The 2012 elections are increasingly looking likely to evolve into a generational "moral choice" between two conflicting visions of the role of government. And these two political arguments --- that the Court is protecting corporate America or that liberals are threatening the independence of the Court --- will feed into the rhetoric surrounding that election debate. A decision either way by the Supreme Court on the constitutionality of the minimum coverage provision will help Democrats in this campaign scenario: if the Court upholds the law, Democrats will use that success to bolster an appeal to Independents; if the Court overturns the law, Democrats have the rallying cry that this election is the last chance to save the American Dream from corporate interests.
The first case up for oral argument on Monday will mark the beginning of these “challenging” times. Douglas, et al., v. Independent Living Center, et al., at least in the progressive interpretation of the case, will see whether the poor and disadvantaged are afforded the same rights as the rich and powerful to pressure states into conforming with federal law.
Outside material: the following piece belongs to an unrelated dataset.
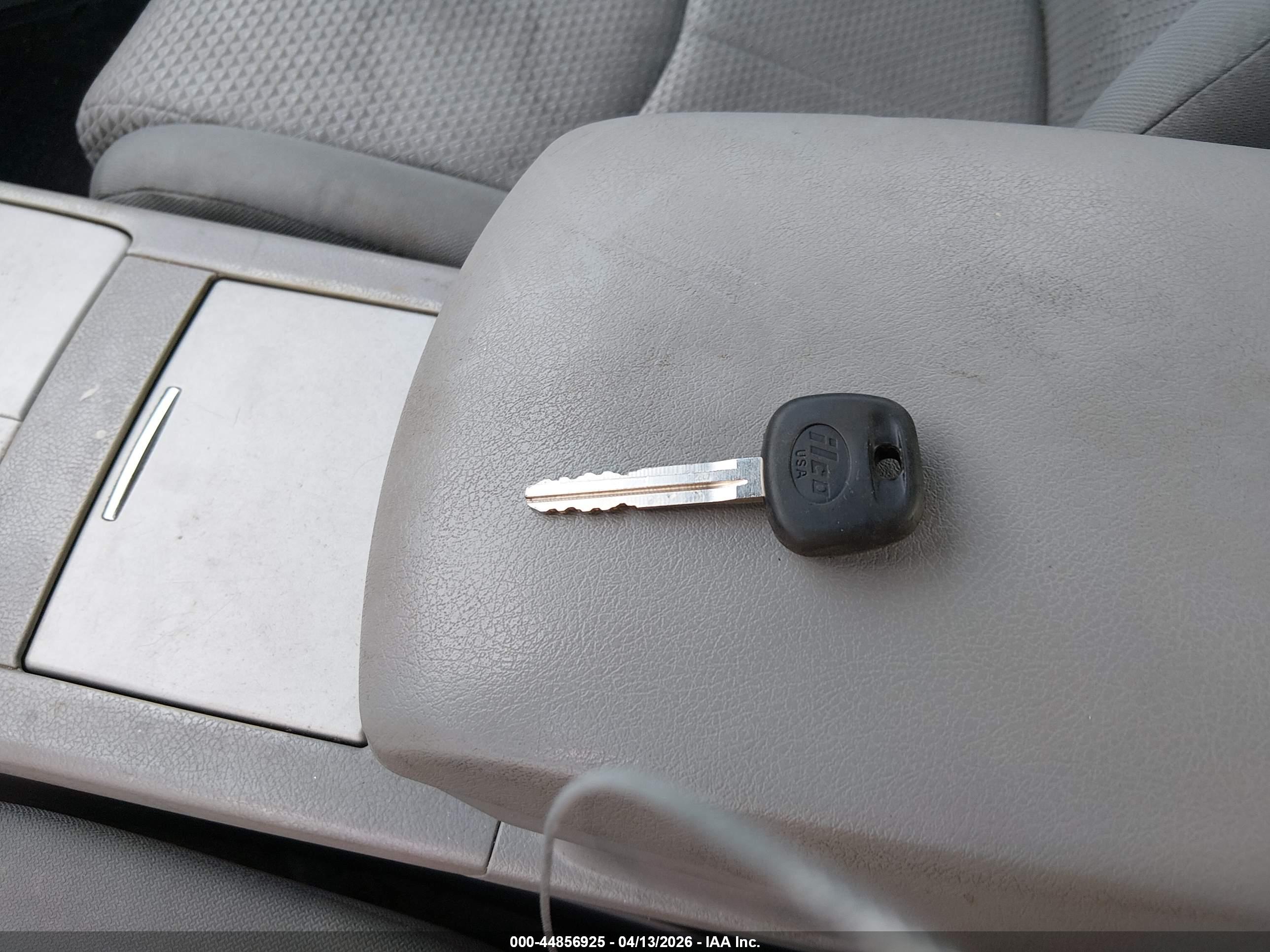 TOYOTA CAMRY image 11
California, from February 2008, began to cut payments to some Medicaid providers to save money. Some providers and patients appealed to the courts that the federal laws on Medicaid overrode California's right to cut payments, an argument ultimately upheld by the 9th Circuit Court. That disagreement, however, is not the grounds for the Supreme Court deciding to hear this case; the Court instead will consider who has the right to sue to force states to comply with federal requirements.
California, supported by the Obama Administration, contends that only Congress has the power to determine who can enforce federal law, and that except in some civil rights instances, individuals are not permitted to use the courts to force states to comply with federal regulations. California is arguing that the 9th Circuit's position ““would fundamentally alter the traditional separation of powers among the branches and transform the courts into all-purpose regulatory enforcers of Spending Clause enactments".
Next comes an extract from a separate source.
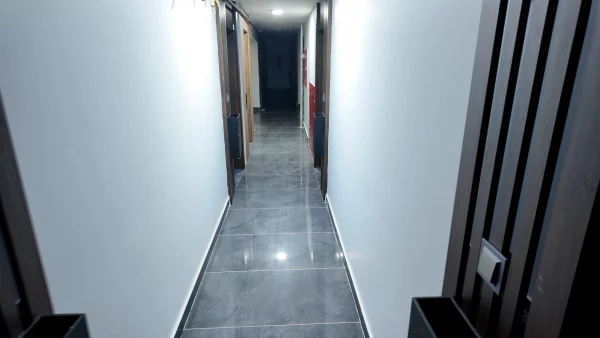 ATATÜRK BULVARI'NDA EŞYALI ARA KATTA 1+1 REZİDANS DAİRESİ - Görsel 17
California, and the Administration, may have a constitutional point about the necessary limits of an individual's recourse to the courts, but it is not an opinion appreciated within the President's own party, and especially the progressive wing he has been trying to woo back with his 'class warfare' political tone in the last month. Their dissent is expressed succinctly in the title, "Opening Day at the Supreme Court Could Shut Courthouse Doors to the Poor", of an article by Rochelle Bobroff of the National Senior Citizens Law Center. For Bobroff, this case is not about the courts assuming too much power to determine when a state is breaking federal law, but the moral question of...
...whether the Supremacy Clause of the Constitution – commonly invoked by businesses challenging state environmental or consumer protection laws – applies to the claims of poor people, including low income older adults, who were unable to obtain medication from pharmacies due to the reimbursement rates being below cost.
And Lyle Denniston, in his analysis of this case, concludes, “The outcome has the promise of producing one of the new Term’s most important decisions for the structure of government, and for the future of the social 'safety net'.'”
Portentous words; but it seems that the Supreme Court has many such important decisions to make during this term. Against a background of a hotly-fought election, with some of the issues before the Court like immigration and health care reform sure to contribute to the ideological divide, “rambunctious” may prove to be an understatement of the nine months ahead.